Segment Start: THE DATA

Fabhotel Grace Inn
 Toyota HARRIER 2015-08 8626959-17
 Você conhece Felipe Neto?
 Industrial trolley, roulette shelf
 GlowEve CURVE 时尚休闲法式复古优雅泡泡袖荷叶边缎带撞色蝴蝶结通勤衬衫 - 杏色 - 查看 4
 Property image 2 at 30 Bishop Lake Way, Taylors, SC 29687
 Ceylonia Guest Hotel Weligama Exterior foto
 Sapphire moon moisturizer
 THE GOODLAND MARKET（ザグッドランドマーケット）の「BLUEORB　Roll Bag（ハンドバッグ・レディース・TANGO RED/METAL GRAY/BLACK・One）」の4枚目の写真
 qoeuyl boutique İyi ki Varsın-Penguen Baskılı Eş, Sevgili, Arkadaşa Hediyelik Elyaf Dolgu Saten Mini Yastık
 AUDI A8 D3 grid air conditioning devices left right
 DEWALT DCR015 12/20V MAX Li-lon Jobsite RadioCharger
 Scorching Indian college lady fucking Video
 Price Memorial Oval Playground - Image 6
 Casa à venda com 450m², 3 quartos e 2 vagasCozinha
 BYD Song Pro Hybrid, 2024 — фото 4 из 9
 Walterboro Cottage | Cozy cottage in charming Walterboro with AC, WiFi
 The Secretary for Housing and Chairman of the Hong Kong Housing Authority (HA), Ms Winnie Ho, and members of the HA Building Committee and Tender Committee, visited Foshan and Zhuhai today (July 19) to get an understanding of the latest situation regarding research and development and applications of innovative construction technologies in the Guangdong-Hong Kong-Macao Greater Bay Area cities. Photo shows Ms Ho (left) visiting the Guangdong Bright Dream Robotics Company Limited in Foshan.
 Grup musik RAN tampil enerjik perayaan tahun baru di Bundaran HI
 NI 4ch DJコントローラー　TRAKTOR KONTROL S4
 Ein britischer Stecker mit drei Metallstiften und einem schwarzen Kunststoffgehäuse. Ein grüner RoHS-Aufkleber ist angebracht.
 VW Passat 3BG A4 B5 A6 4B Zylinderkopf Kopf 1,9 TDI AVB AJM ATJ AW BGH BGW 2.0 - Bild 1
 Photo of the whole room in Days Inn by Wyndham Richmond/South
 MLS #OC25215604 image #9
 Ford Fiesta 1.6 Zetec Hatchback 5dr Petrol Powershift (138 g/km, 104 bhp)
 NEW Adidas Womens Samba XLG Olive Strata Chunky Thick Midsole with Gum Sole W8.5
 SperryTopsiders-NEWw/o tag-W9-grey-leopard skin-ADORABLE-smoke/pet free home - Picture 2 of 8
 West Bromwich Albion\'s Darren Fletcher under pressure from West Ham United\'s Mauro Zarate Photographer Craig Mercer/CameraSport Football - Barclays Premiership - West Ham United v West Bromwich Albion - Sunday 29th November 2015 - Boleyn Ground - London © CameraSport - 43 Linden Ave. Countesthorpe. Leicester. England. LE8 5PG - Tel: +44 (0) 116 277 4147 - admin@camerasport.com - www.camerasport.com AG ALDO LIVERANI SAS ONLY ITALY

Segment End: THE DATA

**WORK TASK**
Return, word for word, the lines of the data above from the line with "Property image 2" through the line with "NEW Adidas Womens", inclusive.

**RESPONSE FOR THIS EXERCISE**
 Property image 2 at 30 Bishop Lake Way, Taylors, SC 29687
 Ceylonia Guest Hotel Weligama Exterior foto
 Sapphire moon moisturizer
 THE GOODLAND MARKET（ザグッドランドマーケット）の「BLUEORB　Roll Bag（ハンドバッグ・レディース・TANGO RED/METAL GRAY/BLACK・One）」の4枚目の写真
 qoeuyl boutique İyi ki Varsın-Penguen Baskılı Eş, Sevgili, Arkadaşa Hediyelik Elyaf Dolgu Saten Mini Yastık
 AUDI A8 D3 grid air conditioning devices left right
 DEWALT DCR015 12/20V MAX Li-lon Jobsite RadioCharger
 Scorching Indian college lady fucking Video
 Price Memorial Oval Playground - Image 6
 Casa à venda com 450m², 3 quartos e 2 vagasCozinha
 BYD Song Pro Hybrid, 2024 — фото 4 из 9
 Walterboro Cottage | Cozy cottage in charming Walterboro with AC, WiFi
 The Secretary for Housing and Chairman of the Hong Kong Housing Authority (HA), Ms Winnie Ho, and members of the HA Building Committee and Tender Committee, visited Foshan and Zhuhai today (July 19) to get an understanding of the latest situation regarding research and development and applications of innovative construction technologies in the Guangdong-Hong Kong-Macao Greater Bay Area cities. Photo shows Ms Ho (left) visiting the Guangdong Bright Dream Robotics Company Limited in Foshan.
 Grup musik RAN tampil enerjik perayaan tahun baru di Bundaran HI
 NI 4ch DJコントローラー　TRAKTOR KONTROL S4
 Ein britischer Stecker mit drei Metallstiften und einem schwarzen Kunststoffgehäuse. Ein grüner RoHS-Aufkleber ist angebracht.
 VW Passat 3BG A4 B5 A6 4B Zylinderkopf Kopf 1,9 TDI AVB AJM ATJ AW BGH BGW 2.0 - Bild 1
 Photo of the whole room in Days Inn by Wyndham Richmond/South
 MLS #OC25215604 image #9
 Ford Fiesta 1.6 Zetec Hatchback 5dr Petrol Powershift (138 g/km, 104 bhp)
 NEW Adidas Womens Samba XLG Olive Strata Chunky Thick Midsole with Gum Sole W8.5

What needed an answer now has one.